Look below for the line containing "13117 Cardeto Ct, Estero, FL". Output it and each remaining line of the entries exactly, and nothing else.

(Records Opens)

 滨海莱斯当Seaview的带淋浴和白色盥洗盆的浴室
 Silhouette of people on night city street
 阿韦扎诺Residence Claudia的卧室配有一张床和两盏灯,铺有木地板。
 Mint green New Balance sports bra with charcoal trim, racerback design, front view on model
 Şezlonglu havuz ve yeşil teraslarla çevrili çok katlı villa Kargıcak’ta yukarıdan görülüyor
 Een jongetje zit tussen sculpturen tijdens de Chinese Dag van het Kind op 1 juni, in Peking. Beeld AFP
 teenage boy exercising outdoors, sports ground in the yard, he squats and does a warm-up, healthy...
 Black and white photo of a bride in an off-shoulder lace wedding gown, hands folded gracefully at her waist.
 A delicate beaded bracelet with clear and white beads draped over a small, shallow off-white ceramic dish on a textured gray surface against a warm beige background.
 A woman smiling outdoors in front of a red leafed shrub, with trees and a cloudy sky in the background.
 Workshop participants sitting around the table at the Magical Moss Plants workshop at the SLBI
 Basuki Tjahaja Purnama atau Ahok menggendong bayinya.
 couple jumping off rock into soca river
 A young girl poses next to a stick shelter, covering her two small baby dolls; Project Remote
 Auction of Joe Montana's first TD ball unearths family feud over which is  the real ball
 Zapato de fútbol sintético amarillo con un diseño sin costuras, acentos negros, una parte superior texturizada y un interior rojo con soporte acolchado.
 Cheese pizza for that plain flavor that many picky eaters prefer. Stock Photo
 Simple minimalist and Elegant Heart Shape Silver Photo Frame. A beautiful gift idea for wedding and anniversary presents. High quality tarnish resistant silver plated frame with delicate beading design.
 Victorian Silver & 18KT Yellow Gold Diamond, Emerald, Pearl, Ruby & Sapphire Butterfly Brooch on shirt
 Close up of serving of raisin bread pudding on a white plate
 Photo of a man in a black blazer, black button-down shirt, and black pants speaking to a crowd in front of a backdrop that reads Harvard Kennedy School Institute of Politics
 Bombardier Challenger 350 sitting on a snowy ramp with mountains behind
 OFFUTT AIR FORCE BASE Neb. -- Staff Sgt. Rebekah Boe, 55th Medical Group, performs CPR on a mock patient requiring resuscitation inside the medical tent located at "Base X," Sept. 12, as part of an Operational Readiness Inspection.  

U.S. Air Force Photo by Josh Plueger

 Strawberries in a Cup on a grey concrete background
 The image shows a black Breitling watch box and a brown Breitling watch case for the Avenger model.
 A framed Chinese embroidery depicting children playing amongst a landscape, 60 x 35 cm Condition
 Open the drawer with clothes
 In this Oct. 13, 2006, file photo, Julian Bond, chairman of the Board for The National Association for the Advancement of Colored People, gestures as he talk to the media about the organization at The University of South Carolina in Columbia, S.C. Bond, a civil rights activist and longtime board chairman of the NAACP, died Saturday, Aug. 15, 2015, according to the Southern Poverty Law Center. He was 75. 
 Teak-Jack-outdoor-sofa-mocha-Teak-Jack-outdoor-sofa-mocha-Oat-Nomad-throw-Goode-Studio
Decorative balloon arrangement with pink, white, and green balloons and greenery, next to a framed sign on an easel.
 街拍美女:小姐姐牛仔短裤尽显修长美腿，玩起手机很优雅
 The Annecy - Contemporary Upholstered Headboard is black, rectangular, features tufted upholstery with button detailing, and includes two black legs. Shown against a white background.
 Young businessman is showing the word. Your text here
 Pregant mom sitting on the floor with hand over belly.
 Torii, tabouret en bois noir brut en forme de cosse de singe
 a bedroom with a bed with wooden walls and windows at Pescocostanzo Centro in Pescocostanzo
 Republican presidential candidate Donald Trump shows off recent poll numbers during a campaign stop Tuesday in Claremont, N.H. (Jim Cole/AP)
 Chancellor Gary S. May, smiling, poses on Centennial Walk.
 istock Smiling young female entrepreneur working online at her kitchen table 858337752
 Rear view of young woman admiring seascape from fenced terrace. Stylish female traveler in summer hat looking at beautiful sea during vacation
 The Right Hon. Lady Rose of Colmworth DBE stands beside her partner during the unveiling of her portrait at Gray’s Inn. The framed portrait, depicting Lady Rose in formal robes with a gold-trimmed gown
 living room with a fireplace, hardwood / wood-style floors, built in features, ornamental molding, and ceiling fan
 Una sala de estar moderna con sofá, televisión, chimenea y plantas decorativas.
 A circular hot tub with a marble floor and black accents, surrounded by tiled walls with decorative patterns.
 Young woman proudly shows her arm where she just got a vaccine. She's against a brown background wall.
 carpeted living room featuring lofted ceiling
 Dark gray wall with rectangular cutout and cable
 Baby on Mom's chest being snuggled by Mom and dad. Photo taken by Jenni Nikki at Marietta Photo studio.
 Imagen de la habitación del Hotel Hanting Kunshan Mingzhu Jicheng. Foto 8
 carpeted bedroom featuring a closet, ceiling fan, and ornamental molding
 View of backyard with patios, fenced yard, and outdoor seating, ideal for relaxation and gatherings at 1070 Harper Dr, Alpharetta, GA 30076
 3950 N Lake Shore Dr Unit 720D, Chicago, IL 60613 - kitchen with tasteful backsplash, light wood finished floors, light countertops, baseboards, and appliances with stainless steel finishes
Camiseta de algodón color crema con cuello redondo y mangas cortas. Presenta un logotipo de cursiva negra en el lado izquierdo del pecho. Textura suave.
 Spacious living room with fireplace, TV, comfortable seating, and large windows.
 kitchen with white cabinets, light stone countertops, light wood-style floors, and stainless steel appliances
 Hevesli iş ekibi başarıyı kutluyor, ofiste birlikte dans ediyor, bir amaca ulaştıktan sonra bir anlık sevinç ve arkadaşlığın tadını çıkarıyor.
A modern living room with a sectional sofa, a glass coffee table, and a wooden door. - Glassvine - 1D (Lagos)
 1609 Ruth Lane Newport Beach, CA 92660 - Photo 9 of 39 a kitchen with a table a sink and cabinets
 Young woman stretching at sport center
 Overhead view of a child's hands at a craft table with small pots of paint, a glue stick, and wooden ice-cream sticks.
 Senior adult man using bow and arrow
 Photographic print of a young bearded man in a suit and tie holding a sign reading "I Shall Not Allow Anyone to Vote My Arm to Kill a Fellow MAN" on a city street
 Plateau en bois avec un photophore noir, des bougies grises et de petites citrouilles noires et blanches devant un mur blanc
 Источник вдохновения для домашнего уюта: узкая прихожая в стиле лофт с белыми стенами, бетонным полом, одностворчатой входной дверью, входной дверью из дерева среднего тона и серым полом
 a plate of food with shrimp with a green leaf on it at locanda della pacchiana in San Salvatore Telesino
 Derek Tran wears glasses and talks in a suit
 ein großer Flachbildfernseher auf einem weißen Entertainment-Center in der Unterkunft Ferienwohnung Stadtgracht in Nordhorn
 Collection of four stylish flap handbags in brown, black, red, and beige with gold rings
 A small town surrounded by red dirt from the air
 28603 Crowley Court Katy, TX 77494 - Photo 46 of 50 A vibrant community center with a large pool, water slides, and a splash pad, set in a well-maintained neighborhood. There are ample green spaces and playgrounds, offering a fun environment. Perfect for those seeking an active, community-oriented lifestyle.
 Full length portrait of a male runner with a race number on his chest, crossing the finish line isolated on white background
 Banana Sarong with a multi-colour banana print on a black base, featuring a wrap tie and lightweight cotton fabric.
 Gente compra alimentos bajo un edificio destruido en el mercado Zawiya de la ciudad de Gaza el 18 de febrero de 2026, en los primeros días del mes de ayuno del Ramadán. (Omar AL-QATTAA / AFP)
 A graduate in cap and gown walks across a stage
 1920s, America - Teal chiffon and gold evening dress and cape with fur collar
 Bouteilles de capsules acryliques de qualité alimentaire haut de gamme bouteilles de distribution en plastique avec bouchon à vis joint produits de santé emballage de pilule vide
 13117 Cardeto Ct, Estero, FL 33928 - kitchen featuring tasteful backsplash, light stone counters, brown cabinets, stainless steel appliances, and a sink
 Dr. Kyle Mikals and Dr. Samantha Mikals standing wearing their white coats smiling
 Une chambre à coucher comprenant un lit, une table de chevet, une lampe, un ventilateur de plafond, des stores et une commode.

(Records Closes)

Response to this exercise —
 13117 Cardeto Ct, Estero, FL 33928 - kitchen featuring tasteful backsplash, light stone counters, brown cabinets, stainless steel appliances, and a sink
 Dr. Kyle Mikals and Dr. Samantha Mikals standing wearing their white coats smiling
 Une chambre à coucher comprenant un lit, une table de chevet, une lampe, un ventilateur de plafond, des stores et une commode.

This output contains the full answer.